## Tokenization:-

* Tokenization is a fundamental step in Natural Language Processing (NLP). It involves dividing a Textual input into smaller units known as tokens.
* These tokens can be in the form of words, characters, sub-words, or sentences.

```python
from nltk.tokenize import sent_tokenize

text = "Hello everyone. Welcome to GeeksforGeeks. You are studying NLP article."
sent_tokenize(text)

Output: 

['Hello everyone.',
 'Welcome to GeeksforGeeks.',
 'You are studying NLP article']
```

* To learn more on tokenization and its different types, see here:- (https://www.geeksforgeeks.org/nlp/nlp-how-tokenizing-text-sentence-words-works/)

## Stemming:- 

* Stemming is a method in text processing that eliminates prefixes and suffixes from words, transforming them into their fundamental or root form, The main objective of stemming is to streamline and standardize words, enhancing the effectiveness of the natural language processing tasks.
* Simplifying words to their most basic form is called stemming, and it is made easier by stemmers or stemming algorithms. For example, "chocolates" becomes "chocolate" and "retrieval" becomes "retrieve."
* Stemming in natural language processing reduces words to their base or root form, aiding in text normalization for easier processing.
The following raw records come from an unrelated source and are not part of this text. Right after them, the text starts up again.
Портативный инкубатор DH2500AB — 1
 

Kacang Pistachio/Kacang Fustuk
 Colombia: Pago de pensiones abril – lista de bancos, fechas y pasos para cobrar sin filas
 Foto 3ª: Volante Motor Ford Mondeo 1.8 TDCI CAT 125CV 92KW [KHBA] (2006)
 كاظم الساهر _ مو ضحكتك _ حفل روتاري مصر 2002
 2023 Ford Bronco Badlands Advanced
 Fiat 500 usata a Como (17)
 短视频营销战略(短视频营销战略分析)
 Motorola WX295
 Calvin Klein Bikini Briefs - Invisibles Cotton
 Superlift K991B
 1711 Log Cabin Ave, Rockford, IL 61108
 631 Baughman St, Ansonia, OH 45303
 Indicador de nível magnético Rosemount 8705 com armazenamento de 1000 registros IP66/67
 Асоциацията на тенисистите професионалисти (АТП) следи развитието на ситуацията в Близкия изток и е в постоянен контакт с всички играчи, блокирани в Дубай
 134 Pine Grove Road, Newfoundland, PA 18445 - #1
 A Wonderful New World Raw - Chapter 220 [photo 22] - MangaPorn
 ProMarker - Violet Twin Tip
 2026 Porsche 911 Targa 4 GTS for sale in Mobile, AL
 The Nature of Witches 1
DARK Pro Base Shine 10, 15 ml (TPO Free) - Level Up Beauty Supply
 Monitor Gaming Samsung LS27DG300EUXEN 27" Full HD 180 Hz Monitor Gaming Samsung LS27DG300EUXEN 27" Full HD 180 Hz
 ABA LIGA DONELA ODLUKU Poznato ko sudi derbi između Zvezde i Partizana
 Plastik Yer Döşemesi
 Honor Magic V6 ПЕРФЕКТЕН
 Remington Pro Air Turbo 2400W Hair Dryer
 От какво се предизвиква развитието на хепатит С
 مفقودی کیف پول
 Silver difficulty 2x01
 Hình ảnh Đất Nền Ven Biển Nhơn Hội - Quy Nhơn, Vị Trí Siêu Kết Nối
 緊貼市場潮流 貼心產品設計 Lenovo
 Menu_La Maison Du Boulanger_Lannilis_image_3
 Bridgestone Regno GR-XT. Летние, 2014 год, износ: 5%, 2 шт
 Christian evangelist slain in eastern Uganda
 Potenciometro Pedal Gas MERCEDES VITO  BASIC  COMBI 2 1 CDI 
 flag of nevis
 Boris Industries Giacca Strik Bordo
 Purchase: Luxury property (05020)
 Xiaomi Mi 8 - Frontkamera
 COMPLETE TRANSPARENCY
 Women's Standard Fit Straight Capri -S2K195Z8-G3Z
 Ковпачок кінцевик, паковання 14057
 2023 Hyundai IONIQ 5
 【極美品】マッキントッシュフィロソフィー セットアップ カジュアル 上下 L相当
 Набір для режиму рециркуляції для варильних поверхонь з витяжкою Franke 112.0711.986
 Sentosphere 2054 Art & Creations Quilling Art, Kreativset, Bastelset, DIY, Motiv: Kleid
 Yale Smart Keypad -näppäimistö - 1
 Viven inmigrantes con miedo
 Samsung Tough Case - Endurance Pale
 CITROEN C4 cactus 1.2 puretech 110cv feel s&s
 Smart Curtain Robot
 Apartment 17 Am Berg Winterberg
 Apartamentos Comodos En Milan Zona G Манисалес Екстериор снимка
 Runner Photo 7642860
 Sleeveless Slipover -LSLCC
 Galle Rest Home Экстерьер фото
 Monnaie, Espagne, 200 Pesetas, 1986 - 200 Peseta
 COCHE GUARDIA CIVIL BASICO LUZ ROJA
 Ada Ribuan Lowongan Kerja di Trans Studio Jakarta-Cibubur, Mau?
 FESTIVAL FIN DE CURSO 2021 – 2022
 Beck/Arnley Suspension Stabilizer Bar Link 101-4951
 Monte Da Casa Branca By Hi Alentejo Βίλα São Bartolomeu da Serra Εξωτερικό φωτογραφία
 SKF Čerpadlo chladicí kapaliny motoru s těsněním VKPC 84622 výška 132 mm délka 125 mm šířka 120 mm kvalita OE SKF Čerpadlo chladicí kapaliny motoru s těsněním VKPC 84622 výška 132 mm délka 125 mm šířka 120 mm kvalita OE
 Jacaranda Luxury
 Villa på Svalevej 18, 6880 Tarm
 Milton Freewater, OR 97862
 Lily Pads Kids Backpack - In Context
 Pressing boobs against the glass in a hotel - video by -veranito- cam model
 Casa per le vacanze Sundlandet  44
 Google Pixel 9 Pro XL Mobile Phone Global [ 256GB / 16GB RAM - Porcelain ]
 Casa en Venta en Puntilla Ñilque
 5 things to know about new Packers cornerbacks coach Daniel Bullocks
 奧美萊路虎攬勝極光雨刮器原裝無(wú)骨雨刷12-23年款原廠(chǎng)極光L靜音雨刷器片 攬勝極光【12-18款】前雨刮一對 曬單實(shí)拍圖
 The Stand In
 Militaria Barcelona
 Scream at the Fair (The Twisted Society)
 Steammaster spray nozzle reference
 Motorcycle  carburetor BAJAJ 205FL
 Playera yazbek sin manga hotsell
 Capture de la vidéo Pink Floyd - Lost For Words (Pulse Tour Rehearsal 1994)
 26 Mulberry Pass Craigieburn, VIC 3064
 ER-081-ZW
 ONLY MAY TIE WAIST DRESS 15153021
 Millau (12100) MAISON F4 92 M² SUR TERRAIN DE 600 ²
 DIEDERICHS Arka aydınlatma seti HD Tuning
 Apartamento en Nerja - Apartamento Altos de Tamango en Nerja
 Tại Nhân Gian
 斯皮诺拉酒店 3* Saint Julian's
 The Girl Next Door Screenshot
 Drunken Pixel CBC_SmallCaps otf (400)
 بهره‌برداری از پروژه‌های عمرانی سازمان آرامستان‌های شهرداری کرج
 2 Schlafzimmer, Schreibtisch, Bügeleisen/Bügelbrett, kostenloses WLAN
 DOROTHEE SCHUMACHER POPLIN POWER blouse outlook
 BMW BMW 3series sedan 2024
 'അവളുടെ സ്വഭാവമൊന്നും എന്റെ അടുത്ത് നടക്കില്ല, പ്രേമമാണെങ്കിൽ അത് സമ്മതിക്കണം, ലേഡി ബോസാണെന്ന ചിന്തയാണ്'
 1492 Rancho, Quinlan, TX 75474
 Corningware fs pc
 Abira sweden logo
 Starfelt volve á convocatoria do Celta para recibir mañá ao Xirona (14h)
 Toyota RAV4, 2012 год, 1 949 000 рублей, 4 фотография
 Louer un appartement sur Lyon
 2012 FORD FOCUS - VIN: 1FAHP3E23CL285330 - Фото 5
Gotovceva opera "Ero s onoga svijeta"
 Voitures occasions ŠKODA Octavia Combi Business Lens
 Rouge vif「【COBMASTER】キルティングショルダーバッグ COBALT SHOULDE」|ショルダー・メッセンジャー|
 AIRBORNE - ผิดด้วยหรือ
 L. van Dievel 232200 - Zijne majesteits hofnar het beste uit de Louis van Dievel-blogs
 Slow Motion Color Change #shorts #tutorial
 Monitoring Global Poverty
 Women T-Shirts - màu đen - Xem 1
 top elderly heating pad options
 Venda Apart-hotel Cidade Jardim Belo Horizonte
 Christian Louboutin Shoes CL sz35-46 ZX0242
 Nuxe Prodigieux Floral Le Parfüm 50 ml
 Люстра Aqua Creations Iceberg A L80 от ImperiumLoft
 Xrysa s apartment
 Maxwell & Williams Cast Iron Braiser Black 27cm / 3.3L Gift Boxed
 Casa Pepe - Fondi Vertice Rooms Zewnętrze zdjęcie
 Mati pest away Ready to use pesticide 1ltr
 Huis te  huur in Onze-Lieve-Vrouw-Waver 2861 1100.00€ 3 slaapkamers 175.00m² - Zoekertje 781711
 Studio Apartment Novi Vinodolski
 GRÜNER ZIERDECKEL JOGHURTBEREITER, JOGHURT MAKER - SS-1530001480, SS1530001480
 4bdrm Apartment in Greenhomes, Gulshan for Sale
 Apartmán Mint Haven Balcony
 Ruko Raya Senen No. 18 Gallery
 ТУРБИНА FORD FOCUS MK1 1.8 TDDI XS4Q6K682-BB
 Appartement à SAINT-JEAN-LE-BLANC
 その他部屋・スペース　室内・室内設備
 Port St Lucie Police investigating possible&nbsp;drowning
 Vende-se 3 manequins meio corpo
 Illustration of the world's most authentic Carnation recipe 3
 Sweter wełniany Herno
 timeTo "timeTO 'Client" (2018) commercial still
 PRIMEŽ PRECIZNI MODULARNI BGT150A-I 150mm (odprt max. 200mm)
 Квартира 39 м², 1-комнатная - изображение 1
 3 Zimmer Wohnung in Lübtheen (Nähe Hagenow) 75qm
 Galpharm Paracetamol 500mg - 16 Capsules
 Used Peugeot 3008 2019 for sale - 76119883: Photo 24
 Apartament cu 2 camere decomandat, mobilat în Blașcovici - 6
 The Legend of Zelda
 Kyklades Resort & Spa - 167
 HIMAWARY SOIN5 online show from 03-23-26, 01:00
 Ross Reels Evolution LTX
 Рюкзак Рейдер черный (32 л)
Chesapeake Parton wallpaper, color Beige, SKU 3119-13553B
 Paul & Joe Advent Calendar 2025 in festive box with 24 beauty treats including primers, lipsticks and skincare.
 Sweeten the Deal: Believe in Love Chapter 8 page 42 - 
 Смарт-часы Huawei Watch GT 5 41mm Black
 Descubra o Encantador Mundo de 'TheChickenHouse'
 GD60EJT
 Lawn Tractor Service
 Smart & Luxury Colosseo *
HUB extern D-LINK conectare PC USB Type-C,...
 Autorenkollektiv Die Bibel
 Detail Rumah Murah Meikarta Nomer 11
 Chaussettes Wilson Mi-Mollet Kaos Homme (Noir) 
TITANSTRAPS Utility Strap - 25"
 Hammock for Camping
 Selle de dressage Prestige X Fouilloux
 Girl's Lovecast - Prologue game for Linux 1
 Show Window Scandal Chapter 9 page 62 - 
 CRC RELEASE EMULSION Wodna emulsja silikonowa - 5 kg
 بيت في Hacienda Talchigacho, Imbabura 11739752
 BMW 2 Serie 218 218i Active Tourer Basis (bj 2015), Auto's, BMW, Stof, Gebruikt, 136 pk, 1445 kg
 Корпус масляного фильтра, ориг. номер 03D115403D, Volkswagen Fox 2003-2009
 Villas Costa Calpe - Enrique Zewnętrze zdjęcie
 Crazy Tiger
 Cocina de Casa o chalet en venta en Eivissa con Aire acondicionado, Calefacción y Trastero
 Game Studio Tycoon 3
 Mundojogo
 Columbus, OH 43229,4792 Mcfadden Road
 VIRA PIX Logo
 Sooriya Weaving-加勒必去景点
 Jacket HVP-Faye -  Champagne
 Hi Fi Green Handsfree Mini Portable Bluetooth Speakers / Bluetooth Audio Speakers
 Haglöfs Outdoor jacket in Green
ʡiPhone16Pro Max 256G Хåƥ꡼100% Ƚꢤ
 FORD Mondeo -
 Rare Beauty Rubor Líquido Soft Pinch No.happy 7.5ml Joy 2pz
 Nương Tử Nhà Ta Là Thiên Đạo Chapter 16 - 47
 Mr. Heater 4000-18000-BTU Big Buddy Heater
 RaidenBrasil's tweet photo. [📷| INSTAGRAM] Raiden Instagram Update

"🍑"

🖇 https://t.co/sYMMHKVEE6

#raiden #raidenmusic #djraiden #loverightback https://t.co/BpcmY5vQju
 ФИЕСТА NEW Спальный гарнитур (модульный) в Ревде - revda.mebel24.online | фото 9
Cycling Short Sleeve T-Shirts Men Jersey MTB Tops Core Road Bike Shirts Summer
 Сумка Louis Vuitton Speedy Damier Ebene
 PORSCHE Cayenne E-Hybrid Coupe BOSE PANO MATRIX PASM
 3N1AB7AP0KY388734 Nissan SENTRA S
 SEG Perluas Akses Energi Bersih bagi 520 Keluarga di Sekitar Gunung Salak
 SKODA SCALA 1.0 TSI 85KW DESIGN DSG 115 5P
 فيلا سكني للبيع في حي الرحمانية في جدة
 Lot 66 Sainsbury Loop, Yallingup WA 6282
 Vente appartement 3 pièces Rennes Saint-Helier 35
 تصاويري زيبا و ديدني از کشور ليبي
This technique is crucial in tasks like text classification, information retrieval, and text summarization.
* While beneficial, stemming has drawbacks, including potential impacts on text readability and occasional inaccuracies in determining the correct root form of a word.

**Impletementation of Porter stemmer (a type of stemming method)**:

```python
from nltk.stem import PorterStemmer

# Create a Porter Stemmer instance
porter_stemmer = PorterStemmer()

# Example words for stemming
words = ["running", "jumps", "happily", "running", "happily"]

# Apply stemming to each word
stemmed_words = [porter_stemmer.stem(word) for word in words]

# Print the results
print("Original words:", words)
print("Stemmed words:", stemmed_words)

Output:

Original words: ['running', 'jumps', 'happily', 'running', 'happily']
Stemmed words: ['run', 'jump', 'happili', 'run', 'happili']
```

* To learn more on stemming and its different types, see here:- (https://www.geeksforgeeks.org/machine-learning/introduction-to-stemming/)

## Lemmatization:

* Lemmatization is a fundamental text pre-processing technique widely applied in natural language processing (NLP) and machine learning.
* Lemmatization is similar to stemming but it brings context to the words. So, it links words with similar meanings to one word.
* Lemmatization is preferred over Stemming because lemmatization does morphological analysis of the words.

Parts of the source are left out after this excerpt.